To Have Danced with Death – Yusef Komunyakaa

Yusef Komunyakaa

This is another favorite poem of mine. I first read this poem as an undergrad and often recall it while watching the news. This poem is– as I read it– about an African American soldier returning home from the Vietnam war. He has been traumatized, wounded, and is unaffected by the political pomp and circumstance greeting him and the coffins he accompanies.

To Have Danced with Death

The black sergeant first class

who stalled us on the ramp

didn’t kiss the ground either.

When two hearses sheened up to the plane

& government silver-gray coffins

rolled out on silent chrome coasters,

did he feel better? The empty left leg

of his trousers shivered as another hearse

with shiny hubcaps inched from behind a building…

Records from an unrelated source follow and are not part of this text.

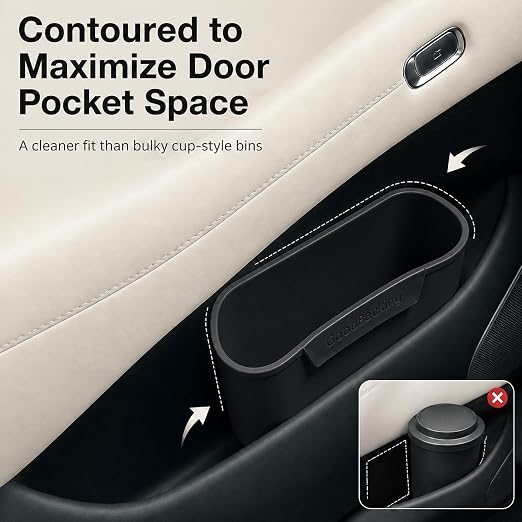 Car Door Trash Can 2 Pack, Black Silicone Garbage Bin for Driver Passenger Door Pocket, Waterproof Auto Waste Container Fits Most Standard Car Door Pockets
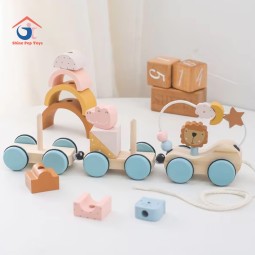 拖拉玩具供应商-狮子动物多功能教育车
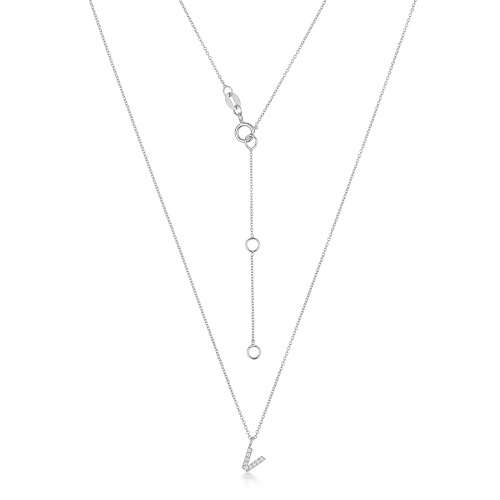 4 Prong Round Silver Petit alphabet v Pendant Necklaces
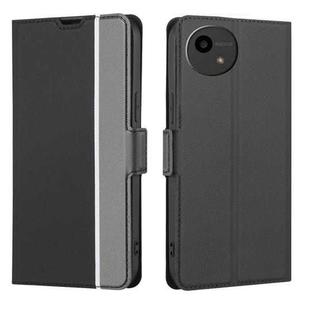 For Sharp Aquos Wish4 Twill Texture Side Button Leather Phone Case(Black)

his three rows of ribbons rainbowed

over the forest of faces through

plate glass. Afternoon sunlight

made surgical knives out of chrome

& brass. He half smiled when

the double doors opened for him

like a wordless mouth taking back promises.

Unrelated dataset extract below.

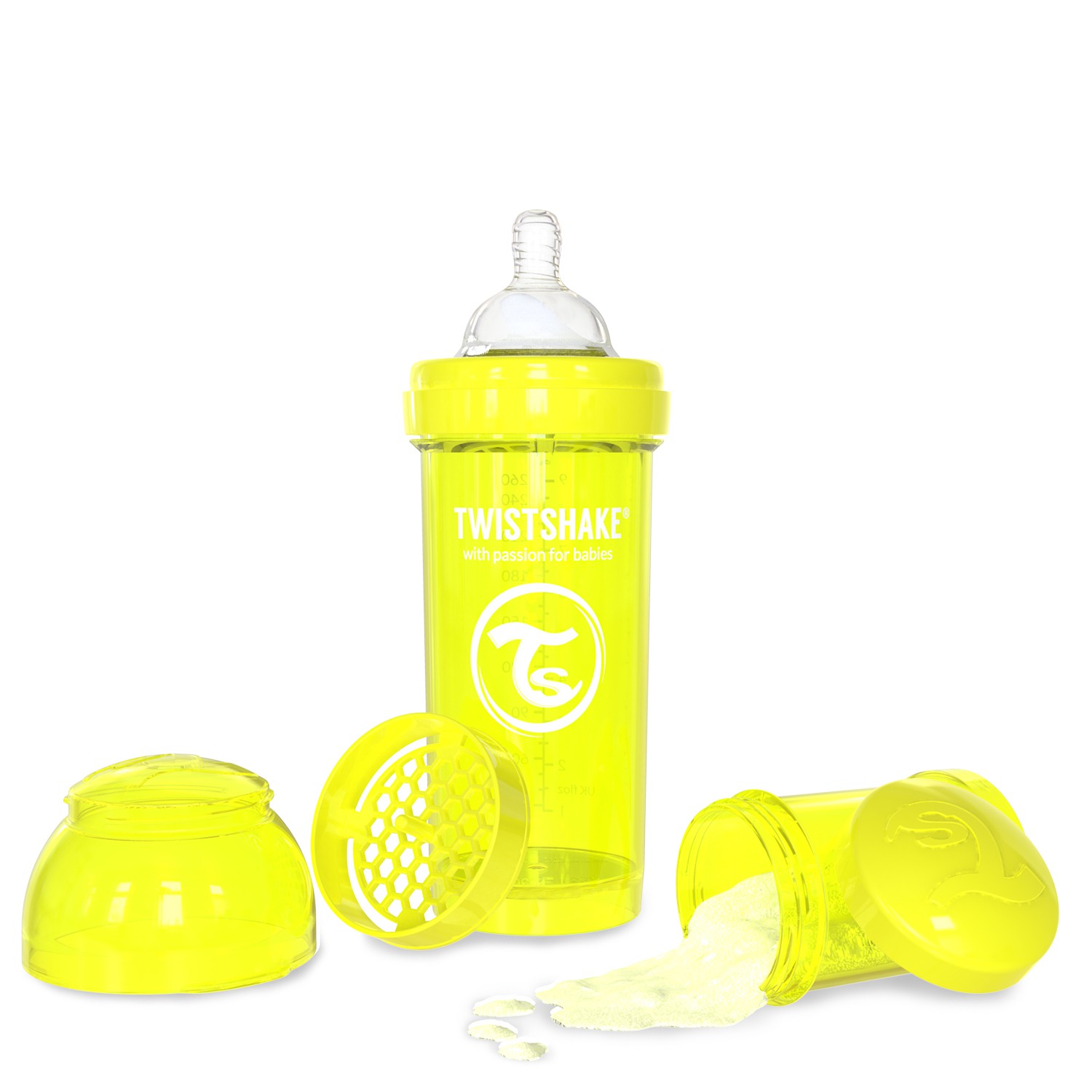 Twistshake Butelka antykolkowa 260ml żółta 2+ mies.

The room of blue eyes averted his.

He stood there, searching

his pockets for something:

maybe a woman’s name & number

worn thin as a Chinese fortune.

I wanted him to walk ahead,

to disappear through glass,

to be consumed by music

that might move him like Sandman Sims,

but he merely rocked on his good leg

like a bleak & soundless bell.

Kounyakkaa, Yusef. (1988) Dien Cai Dau. Connecticut: Wesleyan University Press. Page 46

Komunyakaa is a Vietnam War veteran originally from Louisiana and now teaches at Princeton.